Data provided>
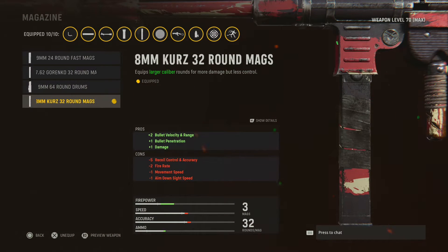So as you guys see, all I did was change the magazine to the 8mm Kurz 32 round mag. So tell me guys how much more you like this class with this minor change.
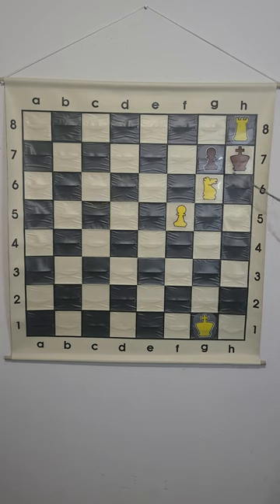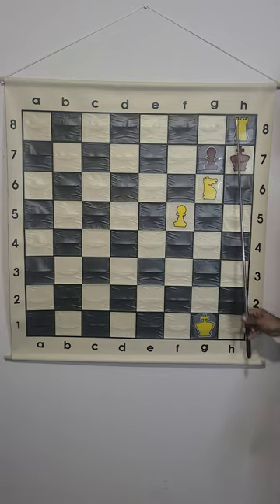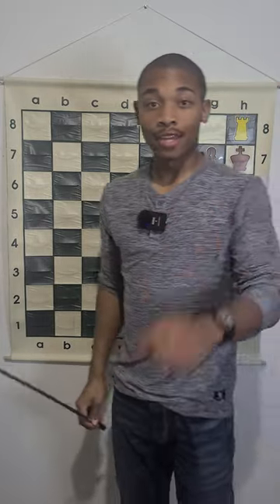And the king cannot go to h6 because the rook is now controlling the entire h file. This is the hook mate in chess.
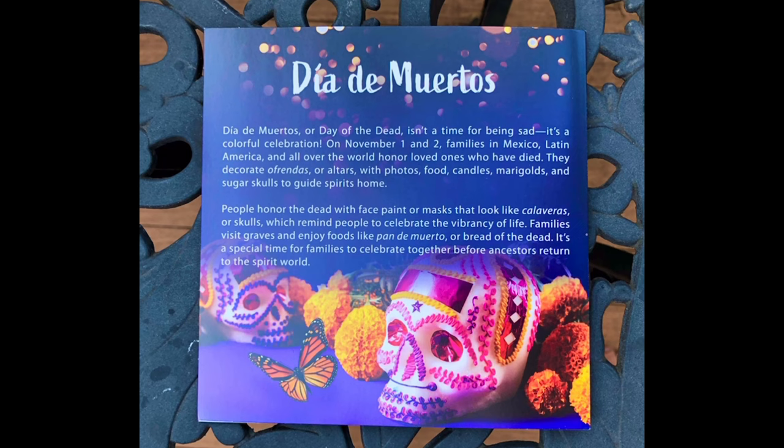This sounds like a super fun holiday. If you haven't seen the Disney movie Coco, then you should definitely watch it. The events happen during Día de Muertos, and it's a really good movie.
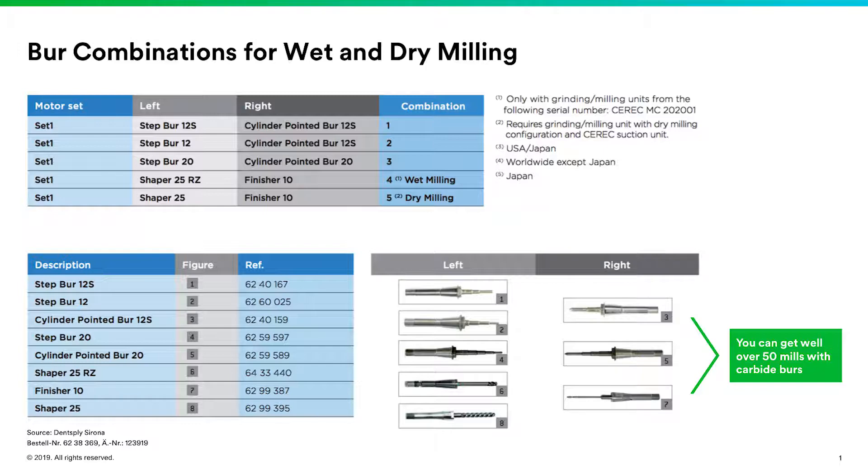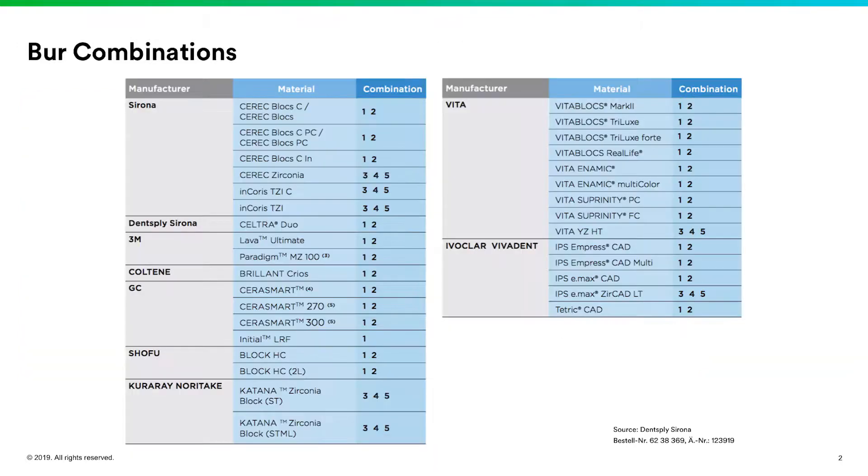When you're trying to figure out what type of burrs to use, Sirona puts together a really nice chart that tells you when you're milling certain materials. It labels the diamond burrs one through three for zirconia, and the carbide burrs are labeled four, five, and six. Every material that we mill will have the burr combination on the chart. So if you're confused about which burrs to use, it makes it really easy — whether you want to use a diamond burr or your carbide burrs.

Required work> Produce a word-for-word version of the material, with no pictures included.

Exercise output>
So as you guys see, all I did was change the magazine to the 8mm Kurz 32 round mag. So tell me guys how much more you like this class with this minor change.
And the king cannot go to h6 because the rook is now controlling the entire h file. This is the hook mate in chess.
This sounds like a super fun holiday. If you haven't seen the Disney movie Coco, then you should definitely watch it. The events happen during Día de Muertos, and it's a really good movie.
When you're trying to figure out what type of burrs to use, Sirona puts together a really nice chart that tells you when you're milling certain materials. It labels the diamond burrs one through three for zirconia, and the carbide burrs are labeled four, five, and six. Every material that we mill will have the burr combination on the chart. So if you're confused about which burrs to use, it makes it really easy — whether you want to use a diamond burr or your carbide burrs.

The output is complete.